9. (a) If any Underwriter shall default in its obligation to purchase the
Shares which it has agreed to purchase hereunder at a Time of Delivery, you may
in your discretion arrange for you or another party or other parties to purchase
such Shares on the terms contained herein. If within thirty-six hours after
such default by any Underwriter you do not arrange for the purchase of such
Shares, then the Selling Stockholders shall be entitled to a further period of
thirty-six hours within which to procure another party or other parties
satisfactory to you to purchase such Shares on such terms.

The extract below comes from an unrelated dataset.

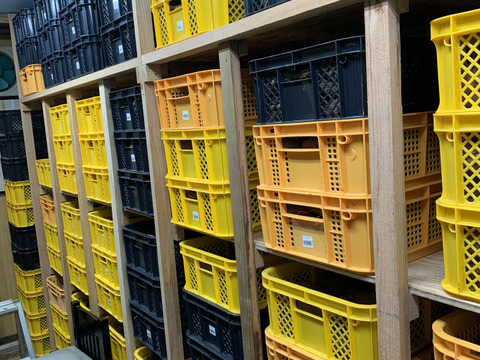 自家育苗・手掘り！　紅はるか　S~2Lサイズ混合　約4.5kg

In the event that,
within the respective prescribed periods, you notify the Selling Stockholders
that you have so arranged for the purchase of such Shares, or the Selling
Stockholders notify you that they have so arranged for the purchase of such
Shares, you or the Selling Stockholders shall have the right to postpone such
Time of Delivery for a period of not more than five New York Business Days, in
order to effect whatever changes may thereby be made necessary in the
Registration Statement or the Prospectus, or in any other documents or
arrangements, and the Company agrees to file promptly any amendments to the
Registration Statement or the Prospectus which in your opinion may thereby be
made necessary. The term "Underwriter" as used in this Agreement shall include
any person substituted under this Section with like effect as if such person had
originally been a party to this Agreement with respect to such Shares.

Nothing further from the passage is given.